PROBLEM TO SOLVE = Instruction for the data below: set down exactly the lines from the line with "Shaded Relief Map of Xiakoucun" to the line with "HI license plate ZAI380", inclusive, and no others.

RECORDS TO PROCESS section start

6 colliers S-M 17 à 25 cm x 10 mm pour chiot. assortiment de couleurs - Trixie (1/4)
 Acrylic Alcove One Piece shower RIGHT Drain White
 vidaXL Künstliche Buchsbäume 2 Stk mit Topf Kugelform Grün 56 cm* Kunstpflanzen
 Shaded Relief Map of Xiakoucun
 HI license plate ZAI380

RECORDS TO PROCESS section end
RECORDS TO PROCESS section start

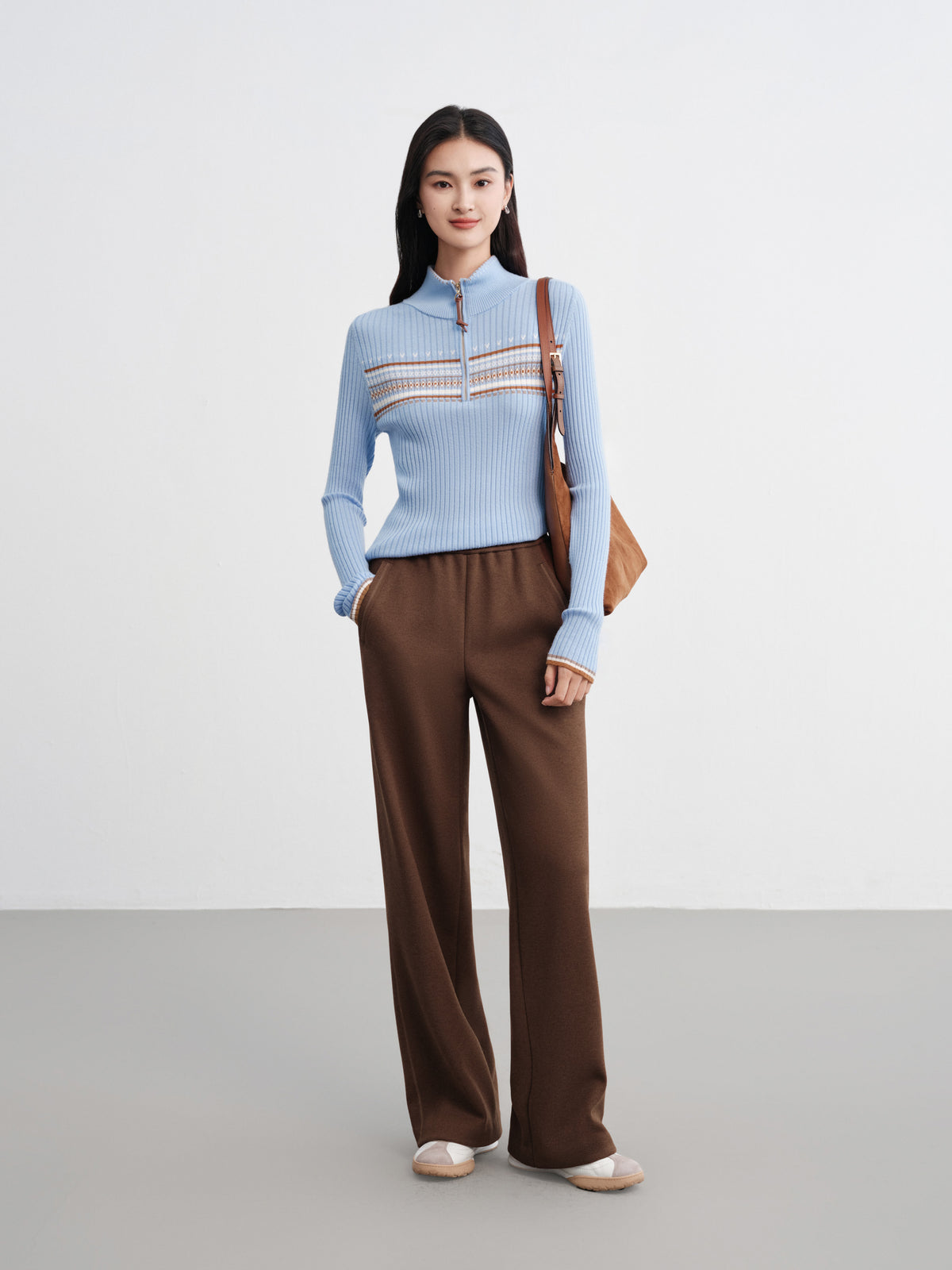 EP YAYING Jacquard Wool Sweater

RECORDS TO PROCESS section end

RESULT OF THIS EXERCISE =
 Shaded Relief Map of Xiakoucun
 HI license plate ZAI380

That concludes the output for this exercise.